Article publié dans la Lettre n° 386
du 5 octobre 2015


COMÉDIE PÂTISSIÈRE. Texte et mise en scène Alfredo Arias avec Alfredo Arias, Sandra Macedo et Andrea Ramirez.
Malaxez sur un fond d’Argentine une pâte historico-familiale, concoctée par une pâtissière hystérique. Faites dorer dans un four psychanalytique au gré de votre thermostat intime. Puis nappez d’un fondant aux couleurs du drapeau bleu et blanc des origines et dégustez cette friandise que vous offre un vieil enfant en culotte courte, tout attendri de mémoire égrenée.
Emaillé d’incidentes grivoises, – ah, les chiens en chaleur, ces érotiques hot dogs…-, et d’à-peu-près langagiers, de commentaires décalés sur l’uniforme des bonnes alcooliques, les soutiens-gorge de chez Harrods, les perruques et autres frustrations célibataires, le récit officiel sur l’Argentine de Perón et d’Evita se déroule comme un filigrane radiodiffusé ou télévisuel dans l’univers des cuisines de l’époque.
Les gâteaux les plus burlesques se glacent devant l’absurdité des coups d’État, la folie stupide des dictateurs sanguinaires et belliqueux, sur fond de misère populaire, de jalousies diverses et d’adultère banal.
Tandis que Petrona, grande prêtresse des lucarnes culinaires, élabore devant un public en pâmoison ses recettes déjantées et ses conseils de bonne tenue, le garçonnet mime en arrière-plan gestes et paroles, comme une traduction pour sourds-muets.
On devrait se méfier de ses propres enfants, mais avant de les mettre au monde… La vindicte de sa mère le voulait comme un rôti ficelé, jusqu’à lui interdire les échappées que lui offrait la célébrissime cuisinière médiatique. D’abord allongée sur le divan de cette cure psychanalytique où Al tâtonne dans ses souvenirs, Petrona se revêt progressivement du tablier de témoin intime, de double qui permet de combler les défaillances de la mémoire.
En toile de fond à cette fresque, les titres de films et les noms des actrices américaines qui animaient le quotidien s’entremêlent avec les chansons d’époque.

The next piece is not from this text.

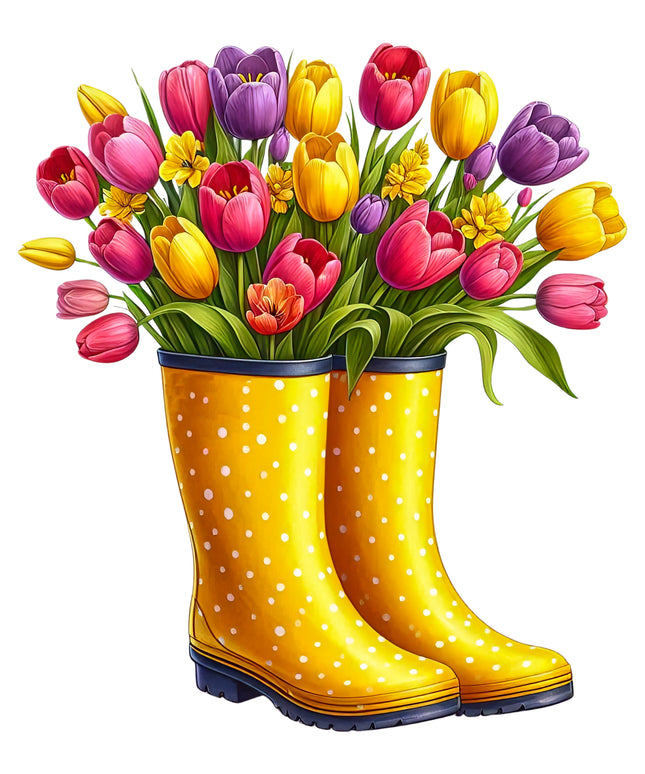 Floral Garden Boots 100% Cotton Fabric Panel Block S3078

Cernés des photos de concoctions pâtissières et de gigantesques drapeaux argentins où passent leurs ombres démultipliées, les acteurs ont la blancheur des cuisines bourgeoises. Sandra Macedo, perchée sur des talons vertigineux, fait merveille en Petrona. Et, si les menus de la diva pâtissière laissent augurer la nausée, la farandole d’un désopilant Alfredo Arias dégouline joyeusement de fondant, aux superbes accents de la voix d’Andrea Ramirez, pulpeuse à souhait. Le dentier grand-maternel est figé dans le sourire, mais le rire bien vivant du public se teinte de tendresse et d’émotion devant le tableau empreint de pudeur d’une vie scandée de recettes ratées, d’égosillements maternels, d’ambiguïtés et de révélations.
Décidément le four mental d’Alfredo Arias est très pictural. Et pour notre meilleure gourmandise ! A.D. Théâtre de la Tempête-Cartoucherie de Vincennes 12e.